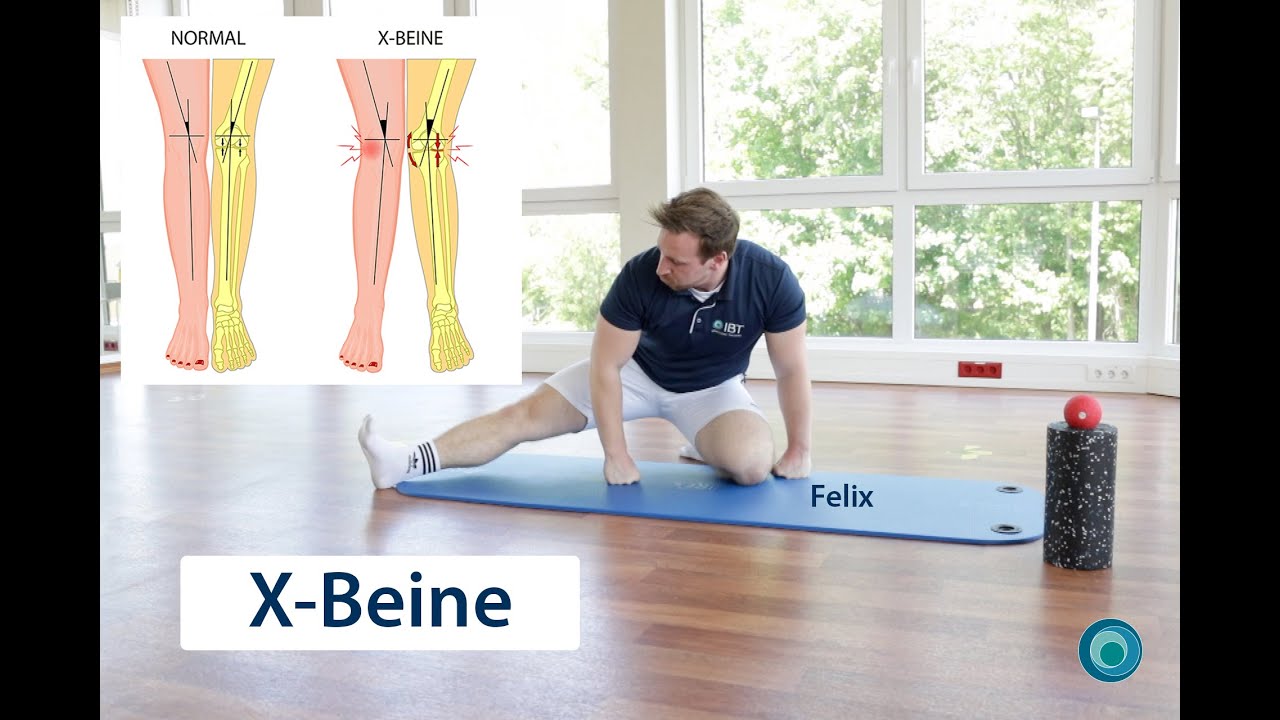 Übungen zum Beschwerdebild: X-Beine ( Genu Valgum ) | mit Felix
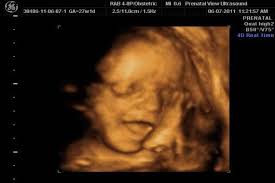 23 haftalık gebelikte bebeğin boyu ve kilosu merak edilen bu soruyu yanıtlayacağız. 27 Haftalik Gebelik Bebek Kilosu Boyu Gelisimi Goruntusu Mavi Kadin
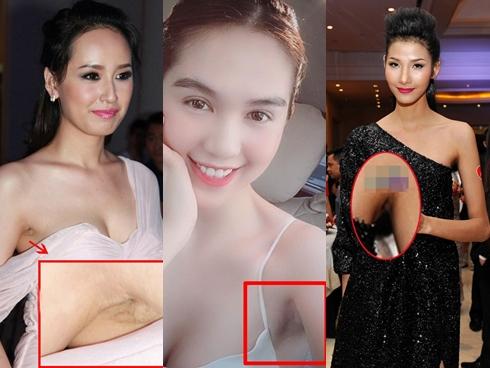Đâu chỉ riêng Ngọc Trinh, nhiều mỹ nhân Việt xinh tuyệt đỉnh nhưng vùng nách thâm đen lại không thể giấu đâu cho kỹ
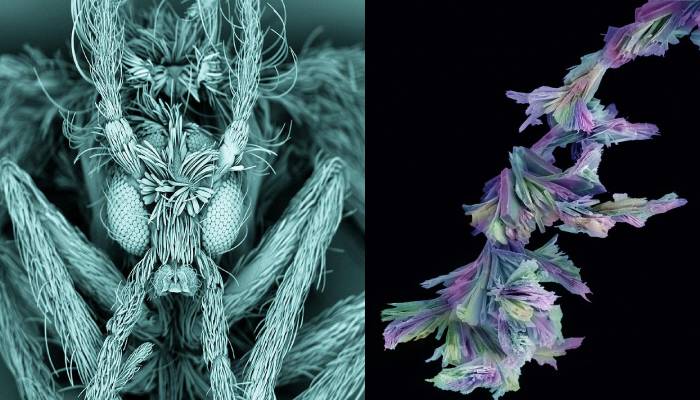 La mejor fotografía de la historia médica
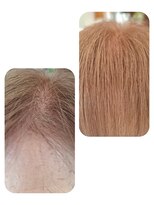 ユーフォルムギンザ(y-Forme Ginza)&nbsp;話題のトキカタ♪前髪編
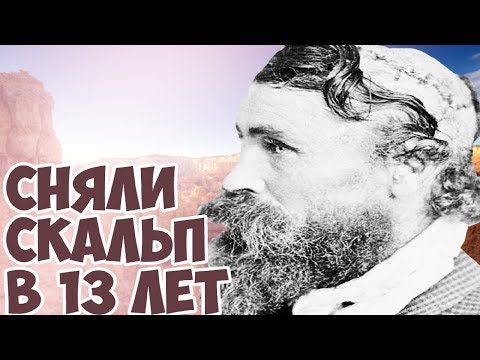 ОН СМОГ ВЫЖИТЬ ПОСЛЕ СКАЛЬПИРОВАНИЯ!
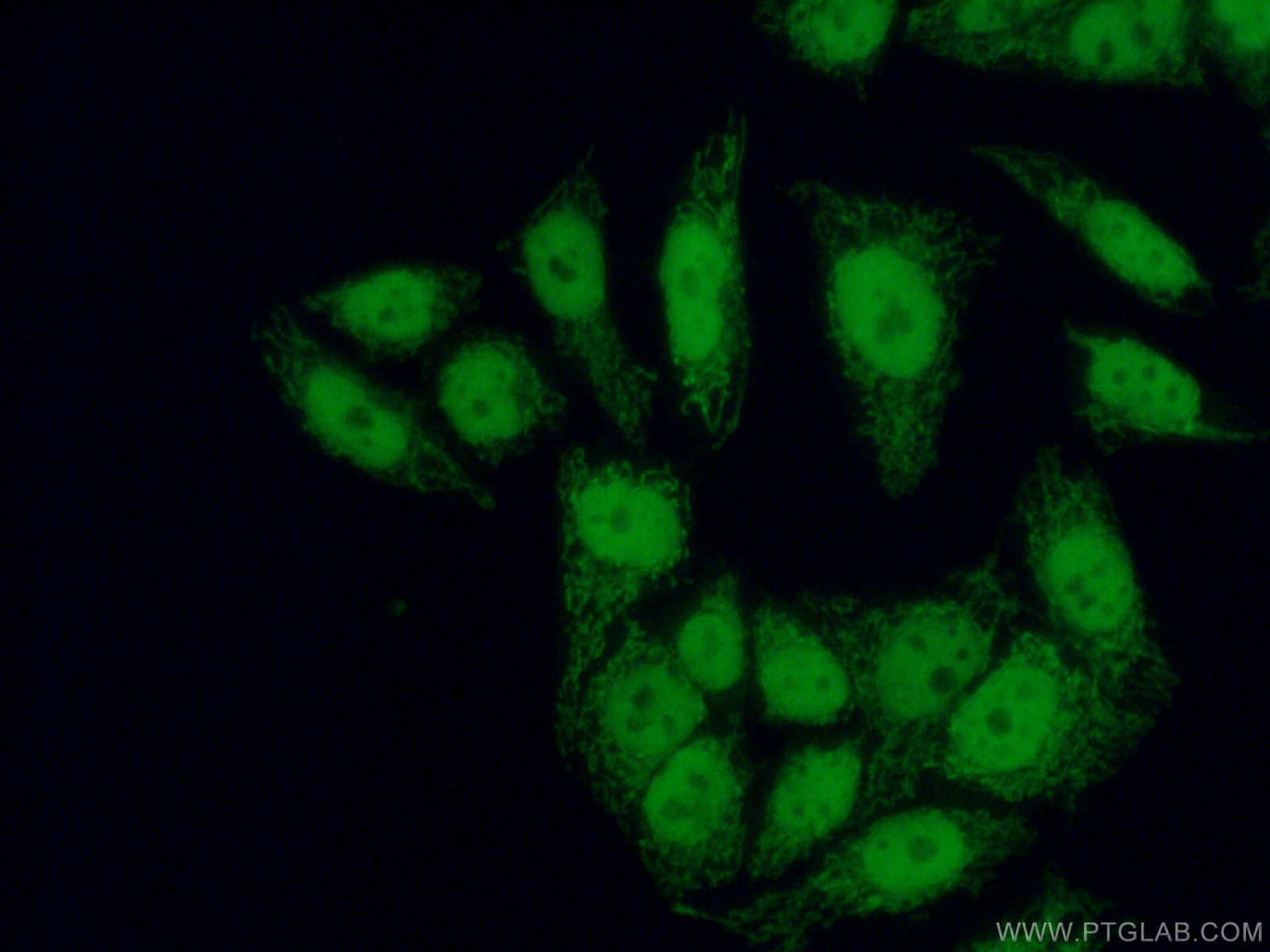 IF Staining of HeLa using 16031-1-AP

BRIEF: Please print the entire listing again exactly, minus its images.

RESPONSE BOX:
 Übungen zum Beschwerdebild: X-Beine ( Genu Valgum ) | mit Felix
 23 haftalık gebelikte bebeğin boyu ve kilosu merak edilen bu soruyu yanıtlayacağız. 27 Haftalik Gebelik Bebek Kilosu Boyu Gelisimi Goruntusu Mavi Kadin
Đâu chỉ riêng Ngọc Trinh, nhiều mỹ nhân Việt xinh tuyệt đỉnh nhưng vùng nách thâm đen lại không thể giấu đâu cho kỹ
 La mejor fotografía de la historia médica
 ユーフォルムギンザ(y-Forme Ginza)&nbsp;話題のトキカタ♪前髪編
 ОН СМОГ ВЫЖИТЬ ПОСЛЕ СКАЛЬПИРОВАНИЯ!
 IF Staining of HeLa using 16031-1-AP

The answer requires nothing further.